▸ Work instructions:
Each record that follows is to be transcribed exactly, excluding its images.
════════════════════
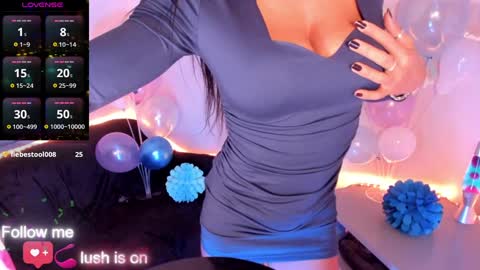 HannaAnnah online show from November 2025 05:23:01 PM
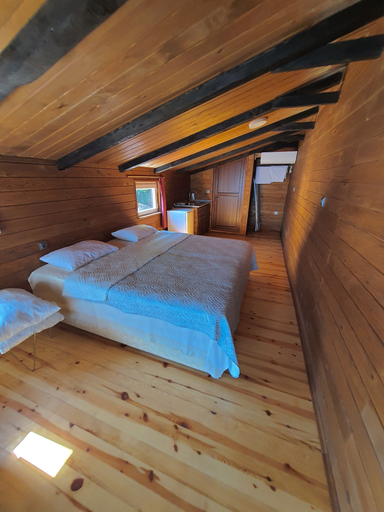 Bedroom 5, Çeşmeönü Bungalov, Perşembe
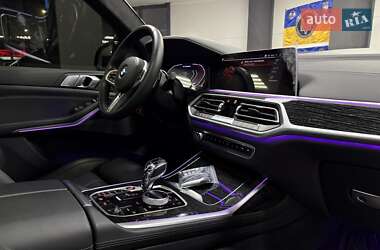 Внедорожник / Кроссовер BMW X7 2022 в 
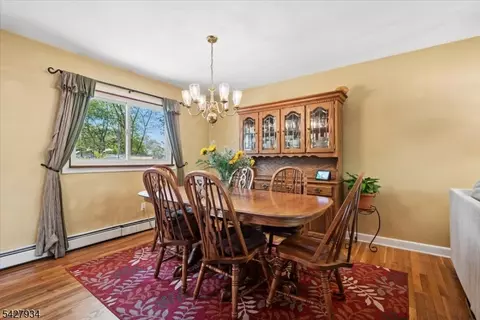 Dining - 77 Brooklyn Rd, Stanhope, NJ 07874 photo 2 of 2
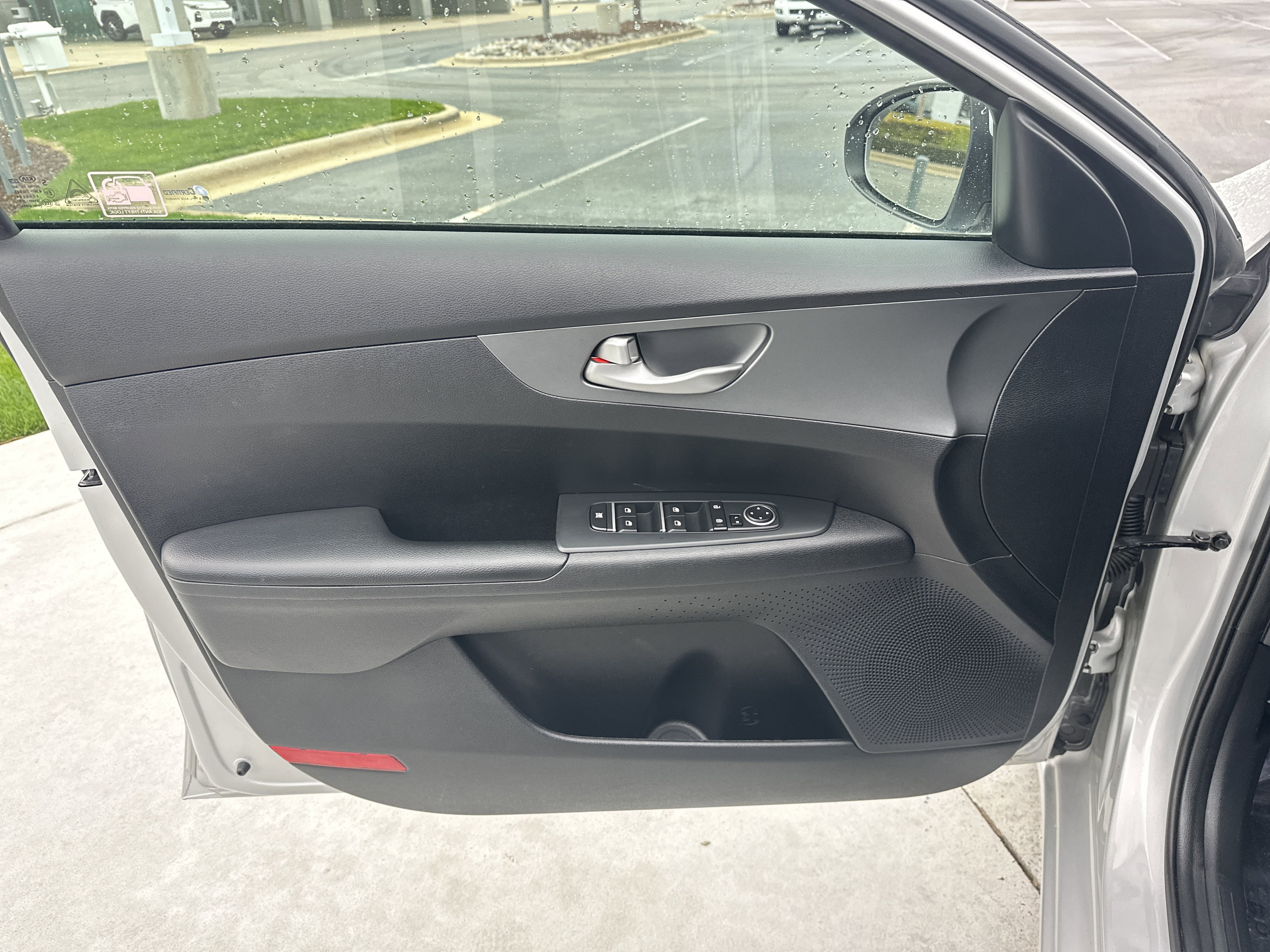 Used 2019 Kia Forte LXS image 14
════════════════════
▸ Result of the exercise:
 HannaAnnah online show from November 2025 05:23:01 PM
 Bedroom 5, Çeşmeönü Bungalov, Perşembe
 Внедорожник / Кроссовер BMW X7 2022 в 
 Dining - 77 Brooklyn Rd, Stanhope, NJ 07874 photo 2 of 2
 Used 2019 Kia Forte LXS image 14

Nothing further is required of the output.